Immediate action is needed by Congress to stop the destruction of steel capacity being demanded by Wall Street and the banks. This means federal action to keep mills from closing, including loans from the Federal Emergency Steel Loan Guarantee program (FESLG).
This fund has already been used to keep some mills afloat. However, Congress needs to overhaul the FESLG and all existing agencies responsible for granting loans to private corporations. Government panels to oversee loans are needed, as the USWA has proposed.
Our elected officials, not Wall Street, should be dictating the terms under which our tax monies will be loaned out and how they will be used. When private ownership of a vital industry such as steel fails to provide for the security and general welfare of working families and communities and the vital needs of our country for a robust steel industry, then those responsibilities fall on government.
If this means public ownership of the steel industry through the establishment of a Federal Steel Authority, so be it. Public ownership and control of basic industries such as steel and energy are far preferable to the economic anarchy and profit-gouging going on today.

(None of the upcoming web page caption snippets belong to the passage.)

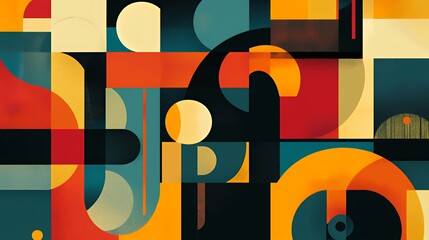 Abstract Geometric Composition with Warm Colors and Shapes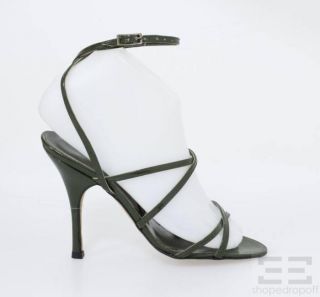 Manolo Blahnik Dark Green Patent Leather Strappy High Heel Sandals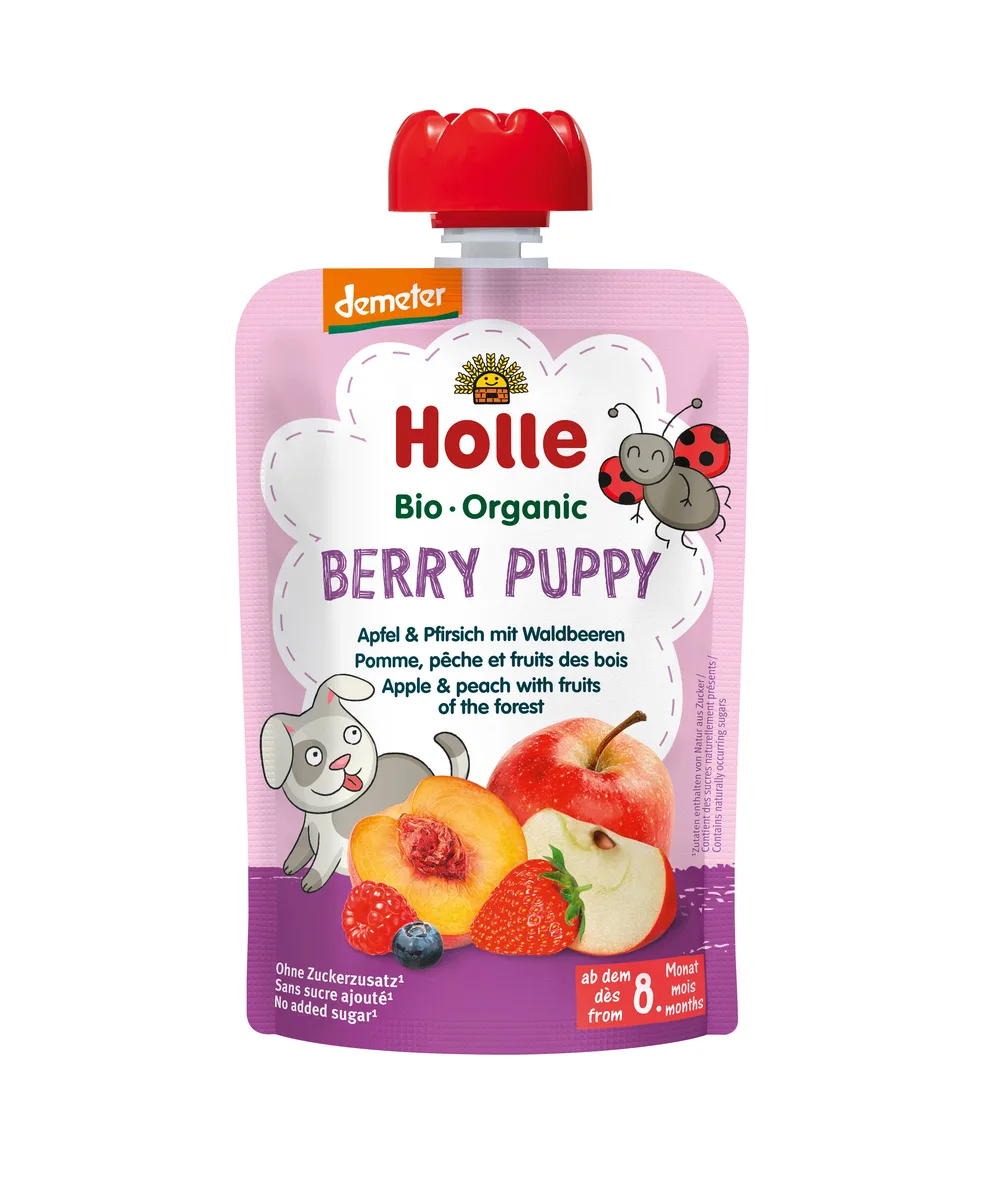 Demeter Pouchy ab dem 8. Monat (90g) Apfel & Pfirsich mit Waldbeeren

Congressional responsibility for saving our steel industry and keeping the mills open extends also to protecting the pensions and health benefits of tens of thousands of retired steelworkers and their families.

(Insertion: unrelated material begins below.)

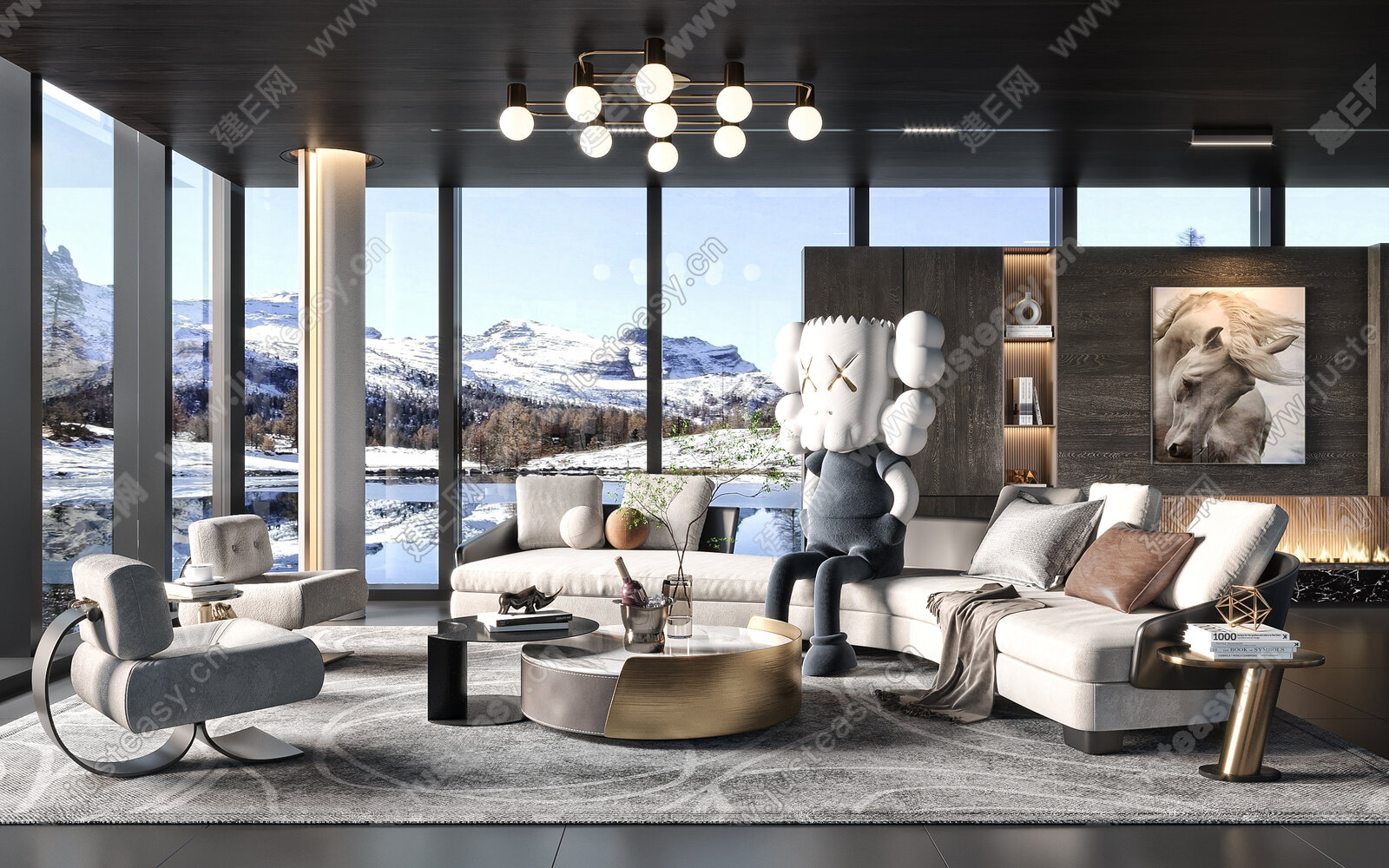 意大利 米诺提 minotti 现代客厅模型SU模型下载[ID:116409925]_建E室内设计网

The Federal Pension Guarantee program is good as far as it goes, but needs to be improved to fully cover the pensions of all retired steelworkers, with health benefits added. The USWA's proposal for industry-wide sharing of legacy costs through a 2 percent surcharge on all steel shipments would require the entire steel industry to share the cost of maintaining full pensions for retired steelworkers and their families.
Adding to problems of steel and all other industries is the escalating cost of energy in an industry infected with deregulation. Government is going to have to act to bring energy prices under control, as is being done in California with a growing demand for state ownership of electrical facilities.
How to win?
Steelworkers and their families are confronting a crisis of unparalleled magnitude with the virtual collapse of the steel industry occurring at a time when the reins of government power have been seized by extreme right-wing political forces beholden only to their corporate sponsors.
Only a fully united trade union movement can confront this concentration of corporate power. Labor, in turn, needs to be the organizing center for a people's coalition embracing every sector of the population victimized by the Bush administration.
Fortunately, building coalitions of labor, faith-based organizations, minority communities and pro-labor political leaders has been a centerpiece of trade union policy. Powerful forces have already united and are coming to the aid of the embattled steelworkers.
The steel crisis exposes the very nature of the capitalist system. Corporate owners and bankers have dictatorial control over the steel industry and make decisions based only on their profit margins, with no consideration whatsoever for the hardship, exploitation and misery forced on steelworkers, their families and communities.
Many of our trade unions and leaders called for socialism as the solution in years past. It is time for a serious discussion of an alternative to capitalist exploitation and greed.
We advocate Bill-of-Rights socialism based on the revolutionary and democratic traditions of our country, a system which is based on the idea that the democratic majority who create our nation's wealth should own it and determine how that wealth is used for the common good.